▶ Task brief
Look in the data below for the line that has "Un niño conduce", then print exactly every line from there through the line that has "864 South 73rd", leaving pictures out.

Top of Input material

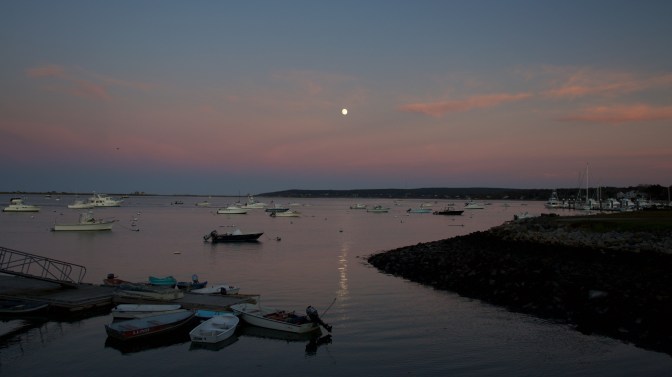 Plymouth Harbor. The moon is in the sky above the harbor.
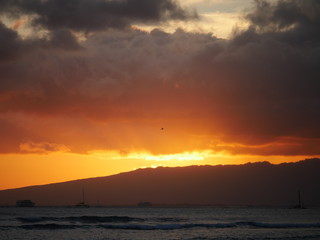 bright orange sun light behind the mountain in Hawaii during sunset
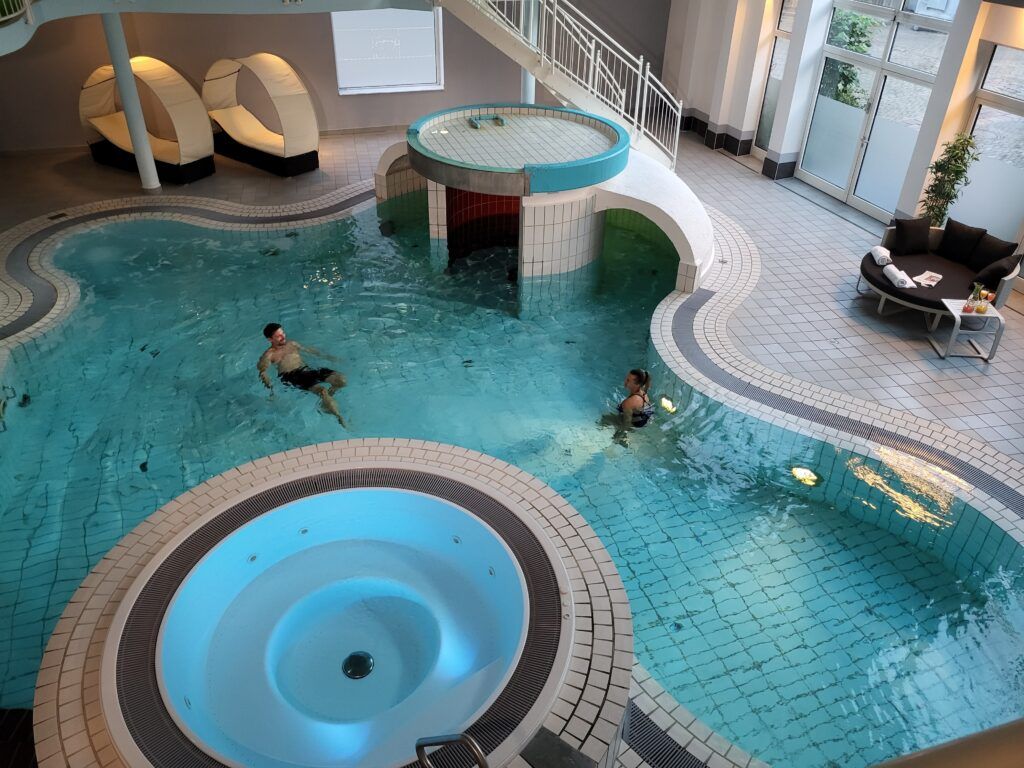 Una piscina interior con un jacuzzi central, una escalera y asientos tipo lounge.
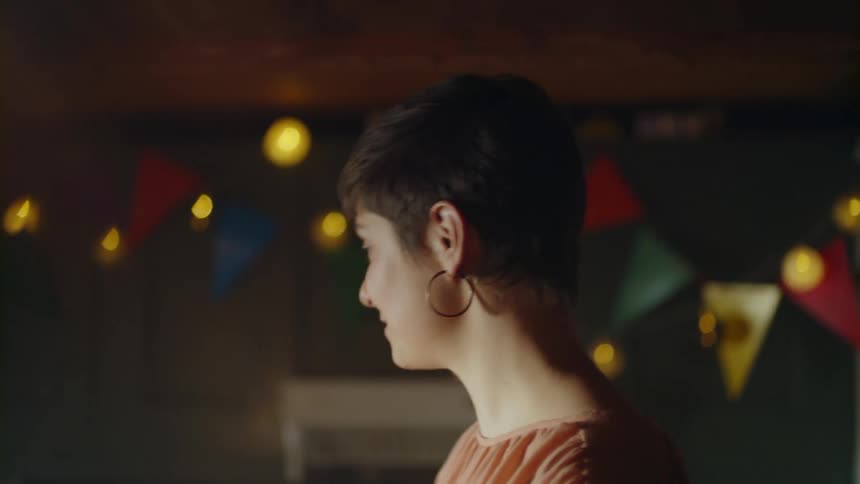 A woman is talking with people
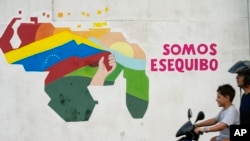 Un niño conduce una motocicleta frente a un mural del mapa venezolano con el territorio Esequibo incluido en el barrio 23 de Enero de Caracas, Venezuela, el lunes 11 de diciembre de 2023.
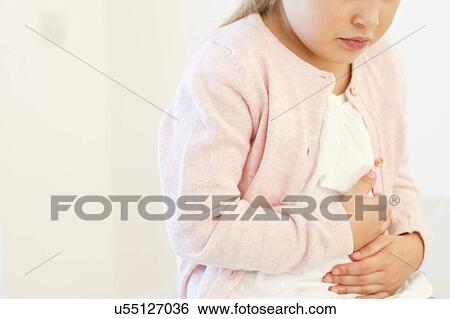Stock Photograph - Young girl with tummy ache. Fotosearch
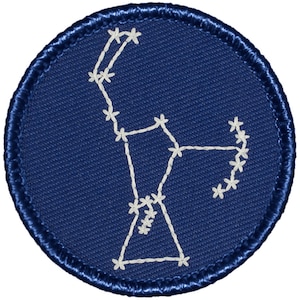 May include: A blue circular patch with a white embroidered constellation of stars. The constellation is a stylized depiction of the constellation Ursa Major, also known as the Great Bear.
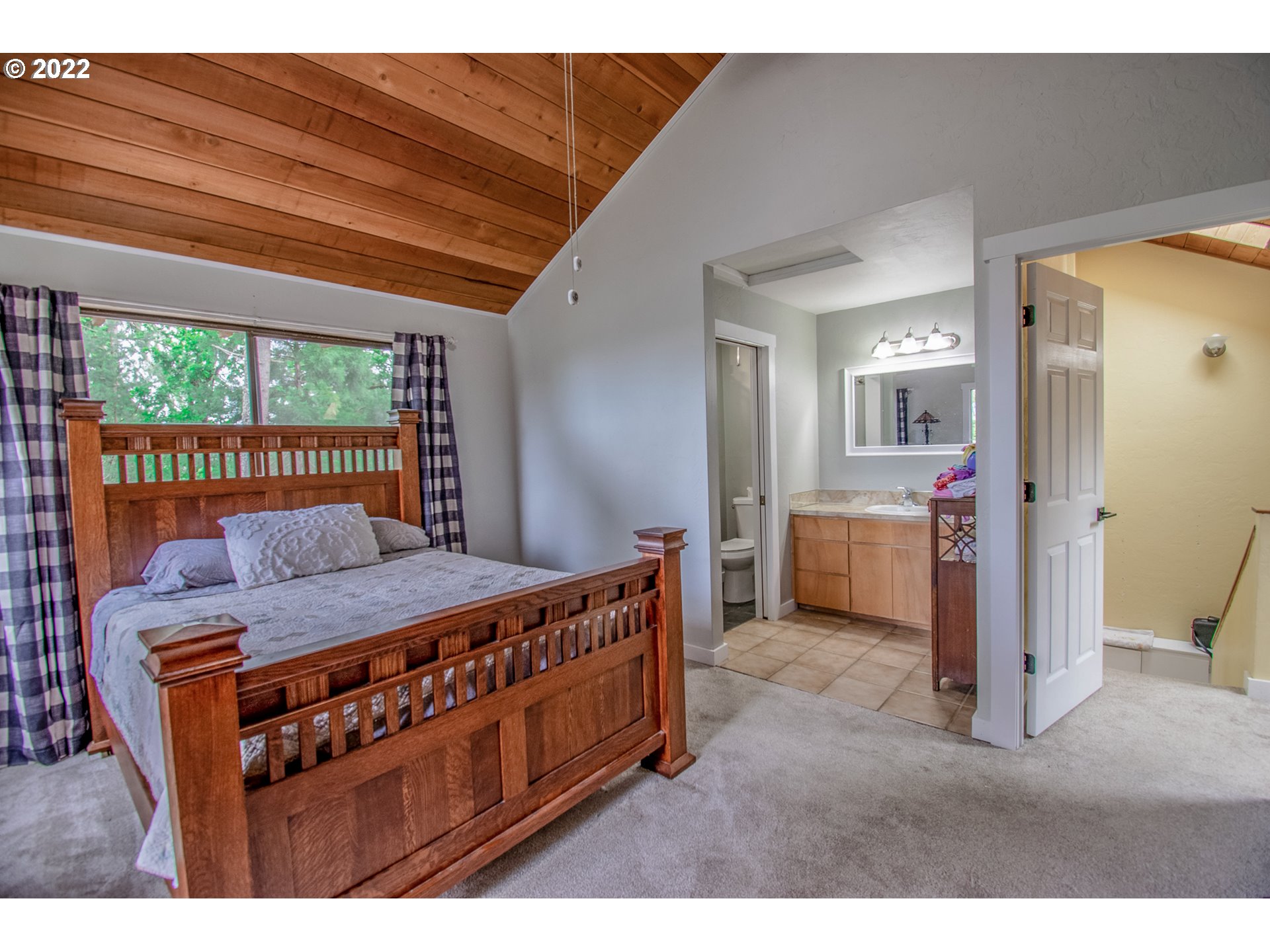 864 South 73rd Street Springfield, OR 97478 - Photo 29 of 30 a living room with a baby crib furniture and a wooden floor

Bottom of Input material
Top of Input material

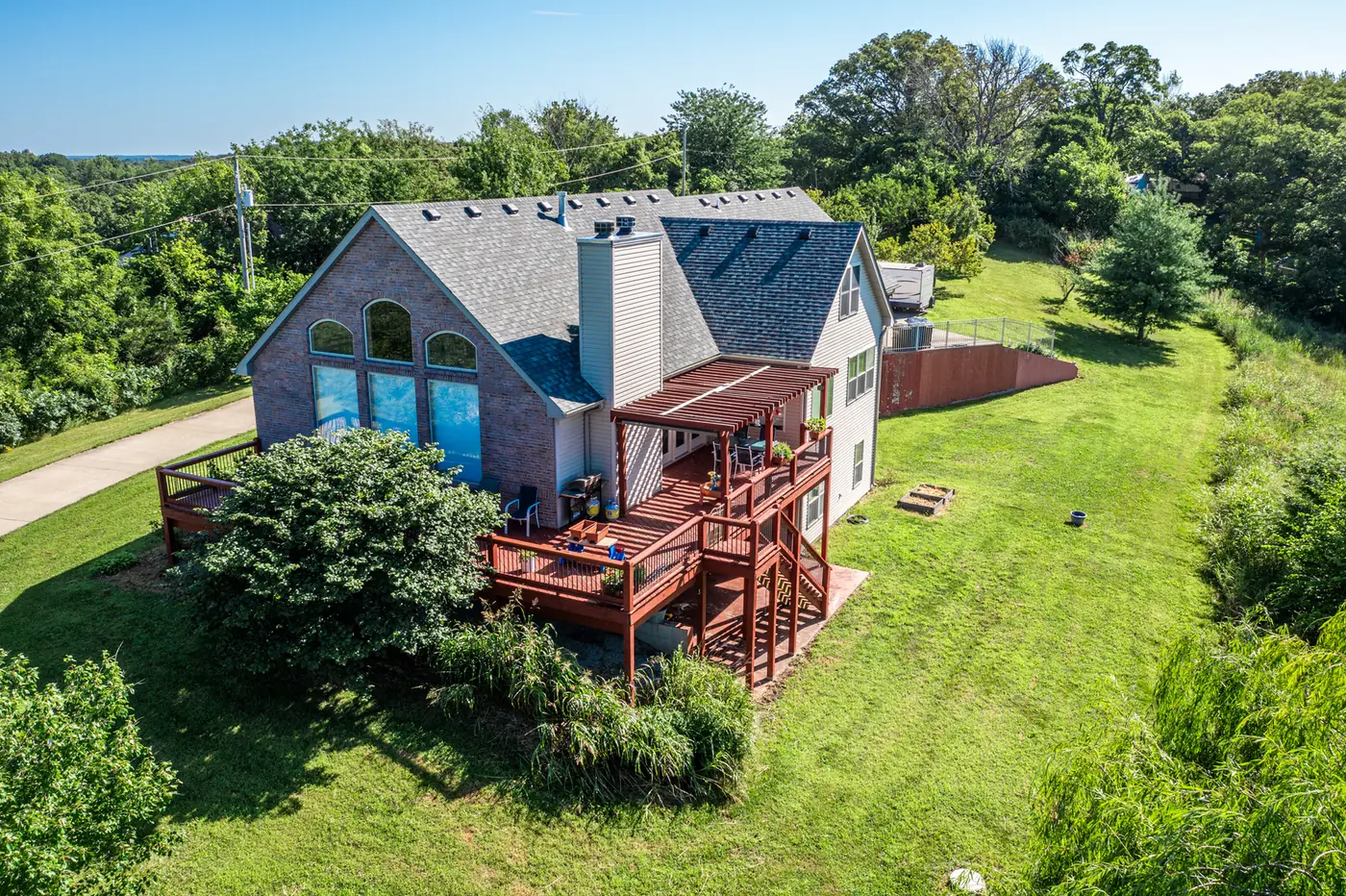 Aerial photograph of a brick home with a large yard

Bottom of Input material

▶ Problem solution
 Un niño conduce una motocicleta frente a un mural del mapa venezolano con el territorio Esequibo incluido en el barrio 23 de Enero de Caracas, Venezuela, el lunes 11 de diciembre de 2023.
Stock Photograph - Young girl with tummy ache. Fotosearch
 May include: A blue circular patch with a white embroidered constellation of stars. The constellation is a stylized depiction of the constellation Ursa Major, also known as the Great Bear.
 864 South 73rd Street Springfield, OR 97478 - Photo 29 of 30 a living room with a baby crib furniture and a wooden floor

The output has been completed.